### What you will do
For the material below, output exactly the span from the line with "BALENCIAGA Navy Cabas" to the line with "Meccano Meccano, Engrenages<", including both, and nothing besides.

====== Data records ======

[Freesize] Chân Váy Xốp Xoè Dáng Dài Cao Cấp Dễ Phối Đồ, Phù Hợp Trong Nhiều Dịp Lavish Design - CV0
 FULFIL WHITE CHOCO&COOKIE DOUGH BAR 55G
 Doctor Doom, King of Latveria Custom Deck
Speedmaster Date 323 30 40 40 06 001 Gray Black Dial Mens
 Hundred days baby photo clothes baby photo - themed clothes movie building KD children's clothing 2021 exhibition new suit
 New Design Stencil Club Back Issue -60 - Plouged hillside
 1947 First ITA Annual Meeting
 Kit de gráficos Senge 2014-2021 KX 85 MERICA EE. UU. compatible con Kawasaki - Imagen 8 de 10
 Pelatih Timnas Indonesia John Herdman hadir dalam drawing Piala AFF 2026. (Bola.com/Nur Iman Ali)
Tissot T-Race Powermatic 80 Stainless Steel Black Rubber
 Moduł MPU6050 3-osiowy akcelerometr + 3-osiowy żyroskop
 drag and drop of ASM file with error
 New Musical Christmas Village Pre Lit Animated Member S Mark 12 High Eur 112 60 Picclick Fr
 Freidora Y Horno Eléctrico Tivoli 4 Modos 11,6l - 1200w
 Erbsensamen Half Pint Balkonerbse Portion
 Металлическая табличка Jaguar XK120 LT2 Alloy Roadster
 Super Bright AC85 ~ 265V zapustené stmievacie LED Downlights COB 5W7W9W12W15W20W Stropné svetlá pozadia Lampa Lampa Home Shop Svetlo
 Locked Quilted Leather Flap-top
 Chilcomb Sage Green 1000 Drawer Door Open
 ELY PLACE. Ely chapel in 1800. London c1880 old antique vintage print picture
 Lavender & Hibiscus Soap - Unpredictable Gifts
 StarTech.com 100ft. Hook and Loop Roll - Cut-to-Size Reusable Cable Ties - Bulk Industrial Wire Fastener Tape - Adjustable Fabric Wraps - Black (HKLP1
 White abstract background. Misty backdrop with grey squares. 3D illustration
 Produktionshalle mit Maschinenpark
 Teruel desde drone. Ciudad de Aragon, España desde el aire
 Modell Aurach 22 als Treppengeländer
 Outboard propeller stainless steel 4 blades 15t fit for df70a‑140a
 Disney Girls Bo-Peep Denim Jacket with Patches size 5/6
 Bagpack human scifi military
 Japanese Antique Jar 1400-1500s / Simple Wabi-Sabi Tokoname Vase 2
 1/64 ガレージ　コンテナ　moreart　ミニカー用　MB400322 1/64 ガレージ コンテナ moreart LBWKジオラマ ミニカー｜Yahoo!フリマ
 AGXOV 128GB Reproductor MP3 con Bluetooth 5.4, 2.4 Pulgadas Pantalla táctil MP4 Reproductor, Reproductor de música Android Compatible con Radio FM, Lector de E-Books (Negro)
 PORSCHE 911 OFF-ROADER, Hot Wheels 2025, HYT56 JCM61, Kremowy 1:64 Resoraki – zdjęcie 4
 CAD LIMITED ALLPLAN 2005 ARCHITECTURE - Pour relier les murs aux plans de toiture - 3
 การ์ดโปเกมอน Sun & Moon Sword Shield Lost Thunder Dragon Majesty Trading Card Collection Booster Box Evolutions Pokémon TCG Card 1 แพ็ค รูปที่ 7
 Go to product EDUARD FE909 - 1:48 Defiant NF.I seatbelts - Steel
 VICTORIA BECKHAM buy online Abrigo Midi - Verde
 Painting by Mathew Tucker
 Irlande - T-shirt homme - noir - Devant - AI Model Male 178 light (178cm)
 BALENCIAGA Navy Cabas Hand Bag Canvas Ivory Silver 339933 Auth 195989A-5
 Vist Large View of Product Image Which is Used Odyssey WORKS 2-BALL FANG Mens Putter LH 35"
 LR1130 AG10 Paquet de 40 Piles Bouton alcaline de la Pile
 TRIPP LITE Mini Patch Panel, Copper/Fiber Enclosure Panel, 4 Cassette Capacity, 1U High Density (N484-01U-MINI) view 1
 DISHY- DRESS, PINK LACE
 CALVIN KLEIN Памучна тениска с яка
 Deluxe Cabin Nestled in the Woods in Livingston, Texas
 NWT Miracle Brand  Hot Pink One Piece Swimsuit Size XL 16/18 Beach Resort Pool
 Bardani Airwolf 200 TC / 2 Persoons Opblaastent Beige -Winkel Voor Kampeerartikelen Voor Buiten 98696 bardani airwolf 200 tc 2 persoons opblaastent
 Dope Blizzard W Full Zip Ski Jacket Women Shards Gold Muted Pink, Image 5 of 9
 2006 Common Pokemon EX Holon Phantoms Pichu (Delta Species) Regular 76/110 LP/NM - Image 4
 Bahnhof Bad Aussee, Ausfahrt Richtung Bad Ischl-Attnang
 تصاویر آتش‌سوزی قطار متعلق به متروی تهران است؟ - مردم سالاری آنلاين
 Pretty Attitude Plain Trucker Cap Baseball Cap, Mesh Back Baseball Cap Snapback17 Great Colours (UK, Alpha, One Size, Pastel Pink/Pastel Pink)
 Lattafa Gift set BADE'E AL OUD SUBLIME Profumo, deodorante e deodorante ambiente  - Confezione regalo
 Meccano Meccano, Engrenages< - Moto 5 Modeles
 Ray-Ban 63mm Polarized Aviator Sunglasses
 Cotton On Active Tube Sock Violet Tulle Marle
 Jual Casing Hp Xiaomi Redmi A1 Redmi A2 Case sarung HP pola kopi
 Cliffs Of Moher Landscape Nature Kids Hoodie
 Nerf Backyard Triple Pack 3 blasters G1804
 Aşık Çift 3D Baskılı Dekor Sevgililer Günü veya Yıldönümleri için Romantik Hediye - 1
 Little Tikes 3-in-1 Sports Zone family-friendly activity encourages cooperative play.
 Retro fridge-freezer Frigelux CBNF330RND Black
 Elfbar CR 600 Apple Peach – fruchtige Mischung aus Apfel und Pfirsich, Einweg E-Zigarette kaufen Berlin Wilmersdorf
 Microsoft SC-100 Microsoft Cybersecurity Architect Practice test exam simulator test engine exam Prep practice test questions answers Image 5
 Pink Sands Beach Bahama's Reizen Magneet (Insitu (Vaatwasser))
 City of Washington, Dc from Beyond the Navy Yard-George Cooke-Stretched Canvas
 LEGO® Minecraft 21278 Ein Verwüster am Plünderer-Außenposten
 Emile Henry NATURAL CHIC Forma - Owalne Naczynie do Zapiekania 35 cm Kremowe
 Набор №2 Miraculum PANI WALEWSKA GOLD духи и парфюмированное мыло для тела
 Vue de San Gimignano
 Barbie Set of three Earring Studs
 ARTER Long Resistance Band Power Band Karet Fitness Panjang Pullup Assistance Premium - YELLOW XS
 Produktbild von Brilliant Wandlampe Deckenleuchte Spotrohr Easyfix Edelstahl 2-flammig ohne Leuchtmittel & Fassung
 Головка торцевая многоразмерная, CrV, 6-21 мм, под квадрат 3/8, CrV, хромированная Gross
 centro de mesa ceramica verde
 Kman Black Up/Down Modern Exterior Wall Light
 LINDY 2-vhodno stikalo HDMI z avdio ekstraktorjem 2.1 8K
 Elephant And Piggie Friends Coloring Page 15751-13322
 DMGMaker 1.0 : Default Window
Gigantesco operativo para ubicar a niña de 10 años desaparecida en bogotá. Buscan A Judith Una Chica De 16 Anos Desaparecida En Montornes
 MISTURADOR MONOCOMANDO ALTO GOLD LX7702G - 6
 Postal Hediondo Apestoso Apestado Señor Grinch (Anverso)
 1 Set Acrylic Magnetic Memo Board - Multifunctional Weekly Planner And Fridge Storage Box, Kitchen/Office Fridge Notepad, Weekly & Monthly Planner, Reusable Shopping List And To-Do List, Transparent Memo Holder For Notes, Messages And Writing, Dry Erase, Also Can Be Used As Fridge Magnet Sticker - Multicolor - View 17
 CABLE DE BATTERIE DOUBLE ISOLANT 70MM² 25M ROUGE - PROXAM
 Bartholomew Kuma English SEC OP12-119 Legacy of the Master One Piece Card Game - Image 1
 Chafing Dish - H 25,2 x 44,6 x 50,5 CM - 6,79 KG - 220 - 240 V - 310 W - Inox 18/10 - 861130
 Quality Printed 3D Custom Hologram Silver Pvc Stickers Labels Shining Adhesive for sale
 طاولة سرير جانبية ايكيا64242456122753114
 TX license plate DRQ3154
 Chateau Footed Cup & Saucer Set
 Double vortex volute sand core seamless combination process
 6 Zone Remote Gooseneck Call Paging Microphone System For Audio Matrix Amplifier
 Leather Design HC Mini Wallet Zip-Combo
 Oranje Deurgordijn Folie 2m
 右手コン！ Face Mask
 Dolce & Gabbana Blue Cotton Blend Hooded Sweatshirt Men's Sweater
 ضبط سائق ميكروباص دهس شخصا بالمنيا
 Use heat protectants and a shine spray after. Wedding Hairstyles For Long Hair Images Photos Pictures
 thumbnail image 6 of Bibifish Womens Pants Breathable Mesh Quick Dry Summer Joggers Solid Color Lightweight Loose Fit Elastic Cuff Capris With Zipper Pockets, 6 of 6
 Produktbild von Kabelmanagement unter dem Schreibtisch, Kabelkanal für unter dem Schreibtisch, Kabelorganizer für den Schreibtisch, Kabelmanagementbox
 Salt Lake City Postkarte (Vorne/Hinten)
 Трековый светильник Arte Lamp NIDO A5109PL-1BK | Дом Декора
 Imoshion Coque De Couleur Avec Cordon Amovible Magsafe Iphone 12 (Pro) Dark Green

======

### Task answer
 BALENCIAGA Navy Cabas Hand Bag Canvas Ivory Silver 339933 Auth 195989A-5
 Vist Large View of Product Image Which is Used Odyssey WORKS 2-BALL FANG Mens Putter LH 35"
 LR1130 AG10 Paquet de 40 Piles Bouton alcaline de la Pile
 TRIPP LITE Mini Patch Panel, Copper/Fiber Enclosure Panel, 4 Cassette Capacity, 1U High Density (N484-01U-MINI) view 1
 DISHY- DRESS, PINK LACE
 CALVIN KLEIN Памучна тениска с яка
 Deluxe Cabin Nestled in the Woods in Livingston, Texas
 NWT Miracle Brand  Hot Pink One Piece Swimsuit Size XL 16/18 Beach Resort Pool
 Bardani Airwolf 200 TC / 2 Persoons Opblaastent Beige -Winkel Voor Kampeerartikelen Voor Buiten 98696 bardani airwolf 200 tc 2 persoons opblaastent
 Dope Blizzard W Full Zip Ski Jacket Women Shards Gold Muted Pink, Image 5 of 9
 2006 Common Pokemon EX Holon Phantoms Pichu (Delta Species) Regular 76/110 LP/NM - Image 4
 Bahnhof Bad Aussee, Ausfahrt Richtung Bad Ischl-Attnang
 تصاویر آتش‌سوزی قطار متعلق به متروی تهران است؟ - مردم سالاری آنلاين
 Pretty Attitude Plain Trucker Cap Baseball Cap, Mesh Back Baseball Cap Snapback17 Great Colours (UK, Alpha, One Size, Pastel Pink/Pastel Pink)
 Lattafa Gift set BADE'E AL OUD SUBLIME Profumo, deodorante e deodorante ambiente  - Confezione regalo
 Meccano Meccano, Engrenages< - Moto 5 Modeles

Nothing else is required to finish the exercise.